Defense attorney and part time Uber driver Jesse Bright was stopped by two police officers in North Carolina who suspected him of carrying an illegal substance in his vehicle. When Bright started recording a video of the encounter, one of cops told him that filming them was illegal.
Little did he know that Bright was an attorney himself who was fully aware of his rights.
Sgt. Kenneth Becker told Bright that he had just taken his passenger from a known drug house. When Bright tried to explain that he was an Uber driver and did not personally know his passenger, beyond the information he received to pick him up from a particular location, the officers didn’t believe him.
They arrested the passenger, and constantly threatened the Uber driver to turn off his phone or wind up in jail.
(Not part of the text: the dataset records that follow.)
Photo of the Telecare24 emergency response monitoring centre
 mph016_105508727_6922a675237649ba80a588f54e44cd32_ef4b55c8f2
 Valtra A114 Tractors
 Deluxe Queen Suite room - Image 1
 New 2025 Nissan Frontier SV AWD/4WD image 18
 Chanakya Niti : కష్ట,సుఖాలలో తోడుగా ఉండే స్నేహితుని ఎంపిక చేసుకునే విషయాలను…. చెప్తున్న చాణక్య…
The cops also called for a K-9 to search his car completely.
“There’s a new law, you’re not allowed to record me,” Becker shot back.
When Bright asked him about the law, Becker did not have any answer, because he lied. Such a law doesn’t exist.
“I know the law. I’m an attorney so I would hope I would know the law,” Bright commented.
The cop still didn’t believe him: “And an Uber driver?”
Bright showed Becker his bar card, but a K-9 was still brought at the location to search the car. However, when they were unable to find any illegal substance, Bright was set free.
The attorney explained later that people believe whatever police say without knowing the law.
“If he’s willing to directly lie to me, and tell me you know this is against the law to film police, then it worries me you know most people when they’re given an order by an officer they don’t know that it’s an unlawful order.”
The Wilmington Police Department later published a statement that said taking photographs and videos of police men was a legal right of citizens.
A spokesman for one of the police departments involved in the incident reportedly confirmed that their officer would be counseled on how to handle such cases properly in the future.